Annual Frankfurt Book Fair to open this week

The annual Frankfurt Book Fair opens this week with the global publishing industry basking in the success of the latest Harry Potter novel and looking at new ways to sell more books in different formats. The organizers of the fair, which has been held annually since 1949, said the publishing industry has turned the corner in the face of competition from online and digital media, and is melding with them to make books more widespread than ever.

Demand for books of all titles and subjects has increased this year, said Andrew Wilkins, president of Australian Bookseller & Publisher magazine.

For fair organizers, it's the perfect segue to focus on reading, publishing and expanding new markets for books, be they nonfiction, comic book tales or the Arabic translation of Dan Brown's "The DaVinci Code."

Dieter Schormann, president of the German Publishers and Booksellers Association, said interest in the new Harry Potter novel, the use of free books by newspaper publishers to lure customers and growing size of audiobooks, podcasts and downloadable texts proves that a demand for reading is growing.

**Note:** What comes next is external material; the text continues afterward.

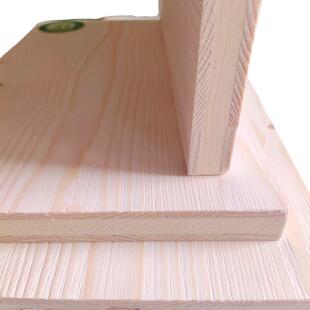 厂家直销12、18mm各厚度三层实木板三层松木板云杉板复合结构板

Fair spokesman Holger Ehling said more than 30 South Korean authors and others were invited to attend the fair, which runs Oct. 19-23. Besides readings from authors, the fair will include films, photo exhibits and seminars from Korea that focus on its past, present and future.

Fair director Juergen Boos said that several attempts were made to have North Koreans participate in the event, with fair officials traveling to Pyongyang twice last year, but the communist country declined.

With some 7,220 exhibitors from 101 countries, fair organizers hope to increase access to Korean literature through exchanges between the nearly 30 authors who will attend the four-day gathering and publishers from around the world.

Writers like Canadian Margaret Atwood and Britons Nick Hornby and Ken Follet are scheduled to attend the fair, as is perennial Nobel literature prize candidate Cees Nooteboom of the Netherlands. A.M.